Dear Eloise,

My work as a science cat has introduced me to human foods—like chips and salsa. I love the spicy taste of salsa, but I always keep a saucer of milk handy.

I talked about why milk calms the spicy feeling with my friend Emily Cukier. She’s a chemistry librarian at Washington State University.

She told me that the spicy feeling comes from something called capsaicin. The amount of capsaicin in a pepper determines how hot it is.

When you bite a hot pepper, little bits of capsaicin stick to special proteins that sit on the nerve cells on your tongue. The proteins are called receptors.

“When capsaicin binds to its receptor, the receptor opens up and tells the nerve cell to fire,” Cukier said. “That sends a signal to your brain where it’s interpreted as heat and irritation.”

Scientists use computers to make models of what receptors look like. This is one model of the receptor that binds capsaicin. The capsaicin bits stick to the side labeled extracellular (outside the cell).


One way to stop the spicy feeling is to unstick the bits of capsaicin from the receptors. But capsaicin doesn’t mix well with water. No matter how much water you chug after eating hot peppers, the water will just slosh over the receptors. It won’t wash away the capsaicin.

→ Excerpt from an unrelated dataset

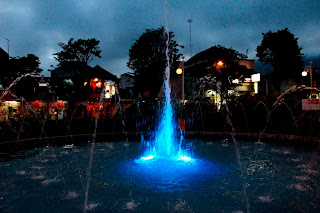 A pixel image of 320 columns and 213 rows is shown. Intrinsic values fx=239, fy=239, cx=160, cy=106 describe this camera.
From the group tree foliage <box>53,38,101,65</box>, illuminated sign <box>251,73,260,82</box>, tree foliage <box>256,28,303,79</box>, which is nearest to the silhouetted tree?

But milk has two things water doesn’t have: fats and a protein called casein. That protein attracts capsaicin like catnip. If the protein is around, the bits of capsaicin will hop off the receptors. The protein forms globs around the capsaicin. It’s like how soap forms globs around dirt and grease when you wash your hands. Then, the protein and fats in milk work together to wash away the capsaicin.

Once all the capsaicin has left your receptors, the “spicy” signal to your brain stops.

Cukier told me that another way to deal with the spicy feeling is to eat dry, rough foods. Like crackers or chips.

“Those foods will produce different sensations in your mouth that can distract your brain from the spiciness,” Cukier said. “That why they’re often served with spicy foods.”

Like my chips and salsa.

So, why don’t we just avoid foods that hurt? It turns out the spicy signal also causes your brain to release endorphins—sometimes called “happy hormones.” They’re the same chemical signals your brain releases when you play or hug someone you love.

So, capsaicin can make us feel good at the same time it makes us feel a little bad.

Eating lots of spicy food could make you less sensitive to it, too. Over time, your tongue can adjust to having lots of capsaicin around. The nerve cells slurp in some of the receptors so they’re no longer poking out of the cells. That means there are fewer places for capsaicin to stick—and less of that spicy feeling.

Maybe that’s why, after years of living and eating with humans, salsa makes me pep-purrr.